Acer calls notebooks a 'misstep' after profits tumble

Acer's low-end reliance comes back to haunt them

Executives at Acer, the world's fourth-largest PC vendor, will take a 30 per cent pay cut after the company reported a larger than expected net loss on its flagship products.

While other manufacturers, such as HP and Lenovo, have changed tactics in recent months - aiming towards enterprise PCs, servers and the cloud - Acer has attempted to strike out alone focusing on consumer sales and budget releases.

The Taiwanese PC maker, which made its name in the low-end notebook market, has routinely reported weak earnings in recent years due to the explosive popularity of smartphones and tablets.

Acer has attempted to respond to this threat in recent times with its own low-priced tablets, smartphone and Ultrabook designs. It has been tough going to enter a market where competition is stiff from the likes of Apple, Samsung and Microsoft, and a number of Acer's models have been less than inspiring.

"Quick, to the cloud!"

Effectively pointing out their mistakes, a company spokesperson said in statement: "Acer acknowledges missteps in the past on resource allocation and the over expectation of Ultrabooks and notebooks with touchpanel".

The acknowledgement may have come too late, however, with the company making a loss of almost $1 billion (£600 million, AU$1.1 billion) in the third and fourth quarters of 2013, more than double its expected margins according to Thomson Reuters.
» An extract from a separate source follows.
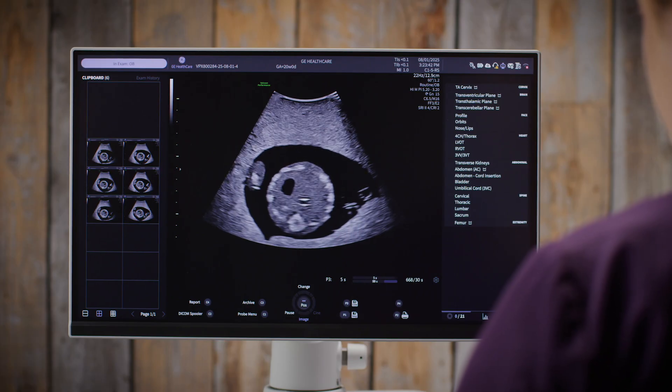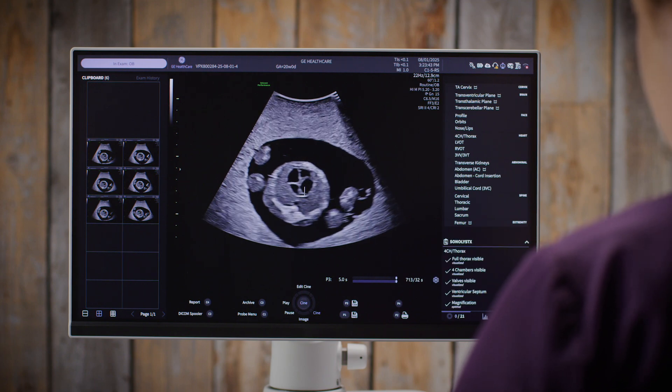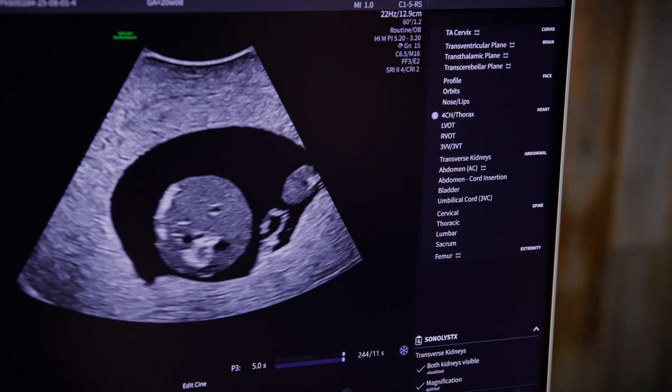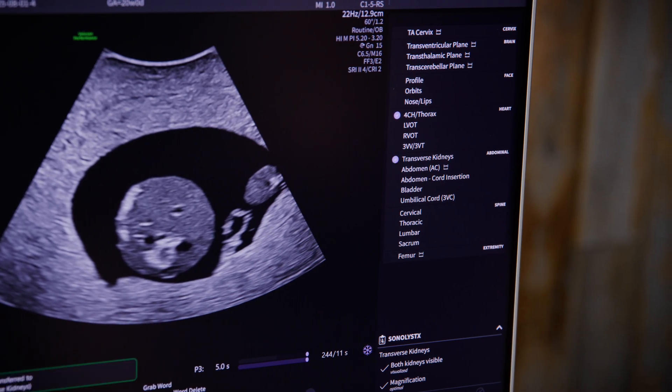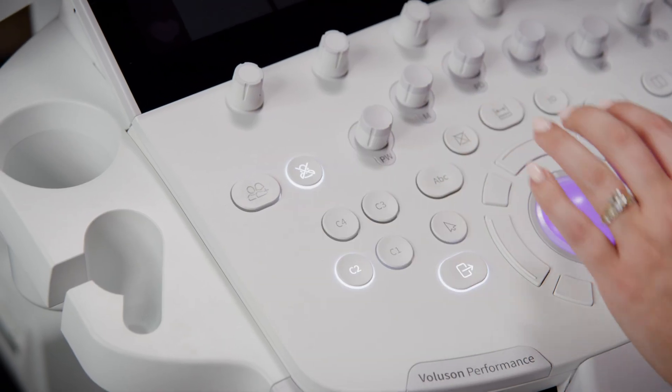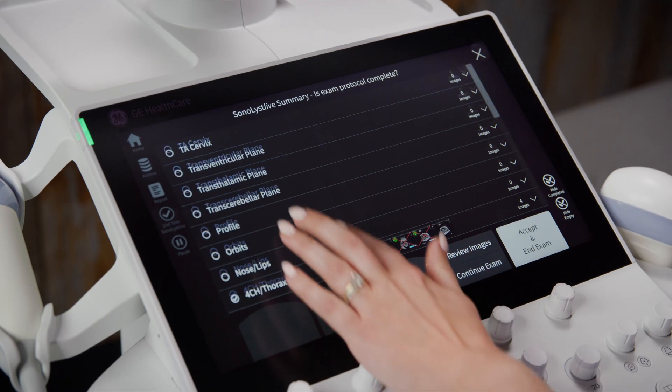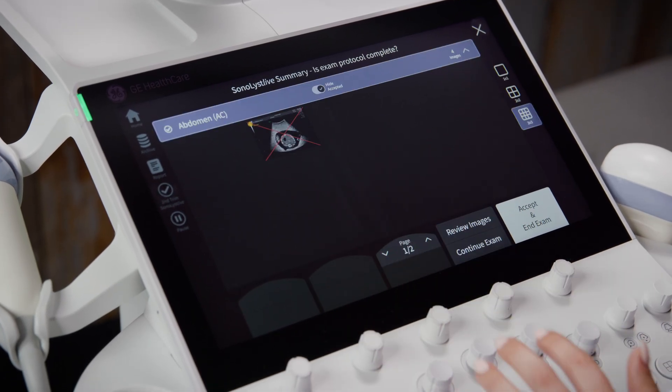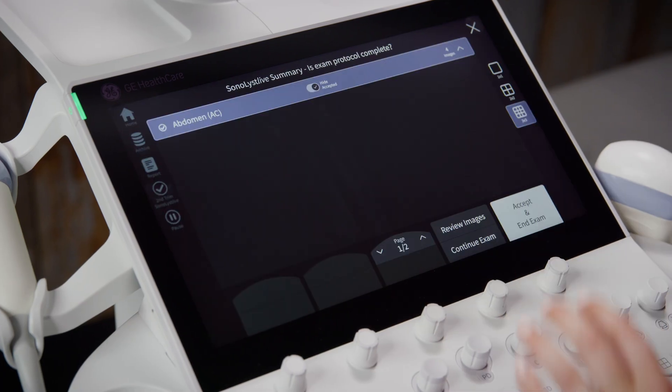Let's start with background assistance. Think of this as your silent scan partner, which doesn't change your workflow at all. As I scan and take images, the AI is quietly working in the background, recognizing views, checking them off the checklist, and capturing images silently into what we call the Quiet Capture Library. Think of it like scan insurance. If I miss a view during the exam, I can check the Quiet Capture Library at the end. Just press End Exam, and you'll see any silently captured images marked with an X on your checklist summary. If I want to keep one, I just tap it and press Accept. Anything I don't accept gets deleted when I finish the exam.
The company haven't responded with many details on how it intends to turn its fortunes around. So far, the PC maker has said it plans to develop personalised cloud products that will connect its notebooks, tablets and smartphones.

This seems like another market Acer may have trouble penetrating successfully, with a number of big companies, including IBM, Intel and Microsoft gearing themselves up to become big players in the cloud market. Hopefully for Acer, later this year we won't be seeing another confession of a misstep on cloud computing too.